Due to this land’s history and the contentious changes made to it by settlers, any construction or ground disturbance in the area must now begin with an archaeological impact assessment. An assessment will determine the extent of cultural materials in that spot and any potential impacts to the site from construction. After the area has been assessed, the findings will determine, in consultation with the Lheidli T’enneh, whether construction can continue and what will be done regarding any materials found.
The initial survey for the proposed site of the childcare centre entails digging over 100 35cm x 35cm shovel test pits in a grid-like fashion across the entire site. Shovel test pits are minimally invasive but can provide valuable information about the archaeological status of the area. Each pit is dug by hand to a depth of 70-90cm, followed by a 2.6m long hand auger to delve even further into the earth.
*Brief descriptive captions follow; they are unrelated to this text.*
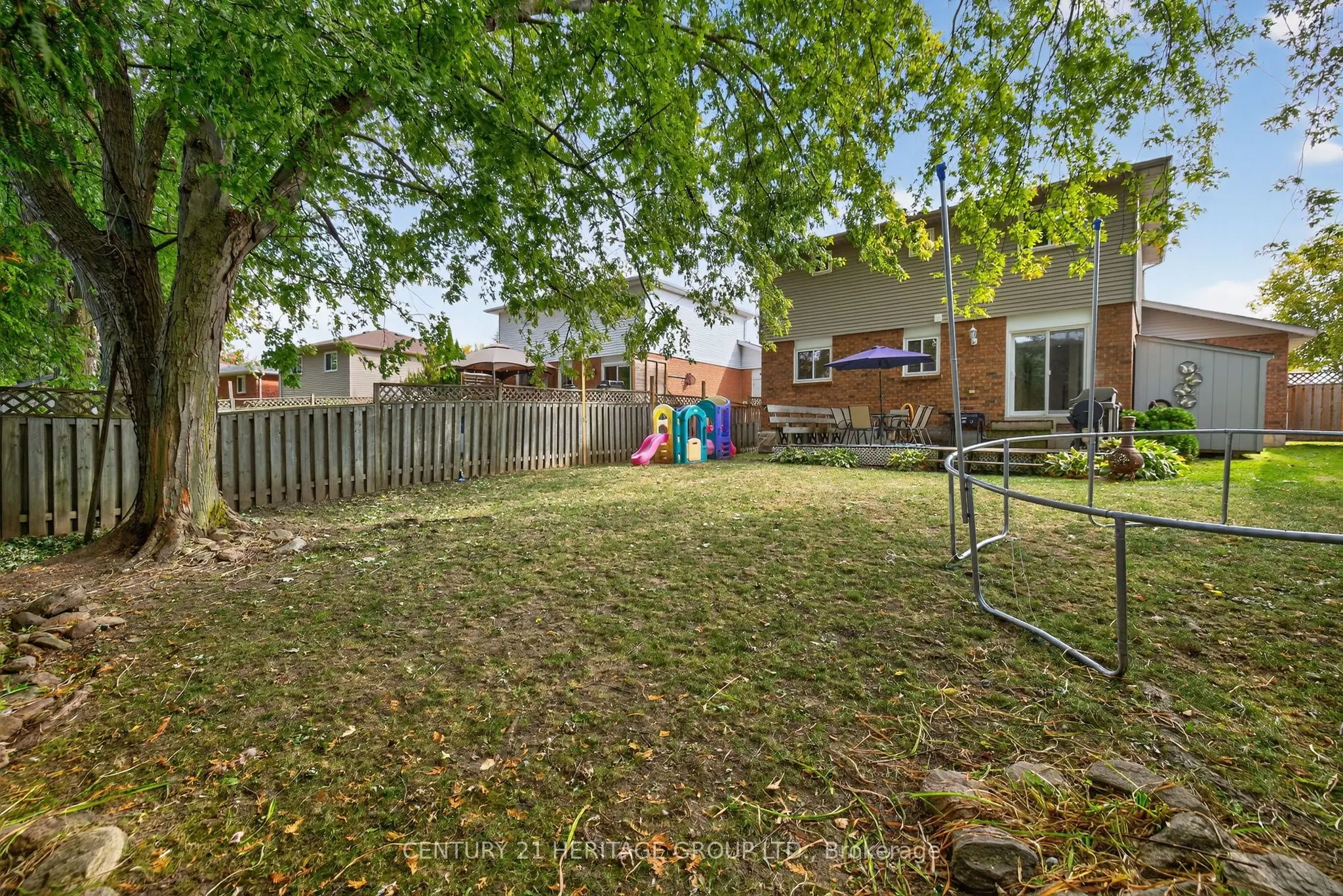 32 Northgate Drive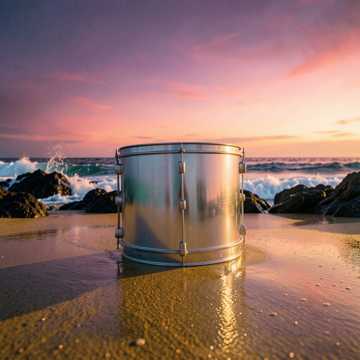 Calypso Flow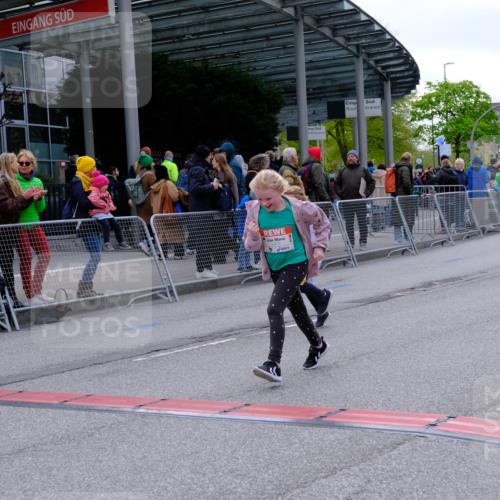 25.04.2026 - Das Zehntel Tim E. http://msf.ph/oto/9571330 25.04.2026 09:06:21 Ziel 1079, 1095, 1375, 1498, 1800, 1806, 3785, 3791, 3864, 3877, 3953 meine-sportfotos.de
Digging these pits may involve contending with sand, clay, rocks, and tree roots. All materials extracted from the pits are sifted through a mesh screen, and any remaining objects are carefully examined. Anything unusual is noted, photographed, bagged, and labelled for analysis. It is then recorded on a map which will indicate any locations where further examination may be necessary. An experienced archaeologist can probably work much faster, but it took me and one of my coworkers about five hours working together to complete two pits. It is an exhausting and arduous task but fascinating for an amateur like me.
Unsurprisingly, as an English Major, a writer, and a former childcare worker, I had never participated in archaeological work before but was pleased to volunteer some of my time to this critical work. It’s not every day you get to try your hand at archaeology!
Our team is honoured to be part of this very important project that further demonstrates the decades-long friendship between the Lheidli T’enneh and The Exploration Place. The Museum works alongside the Lheidli T’enneh to protect and preserve their cultural assets and to share their long and rich history and traditions from their perspective.
We have partnered with the Lheidli on many different projects over the years, resulting in a Memorandum of Understanding signed between the two parties in 2017. This MOU formalized the previous handshake relationship and made the Museum the designated repository for Lheidli T’enneh materials, establishing a protocol for access, research, display, preservation, and collection of these objects and stories. All materials continue to remain under the sole ownership of the Nation. The Exploration Place also serves as the repository for all archaeological materials uncovered in the region.
At the beginning of the archaeological work, our team was further honoured to participate in a ground blessing ceremony for the new centre. Elder Darlene McIntosh performed the blessing, witnessed by Chief Dolleen Logan, Lheidli T’enneh Councillors and members, IDL Projects, Archer CRM, and our Exploration Place team.
Nenachalhuya to our friends at the Lheidli T’enneh for inviting us to be part of this exciting project which will provide 75 essential, much-needed, culturally safe childcare spaces for families in Prince George, on the traditional unceded territory of the Lheidli T’enneh. The Lheidli T’enneh childcare centre is slated to open in 2022.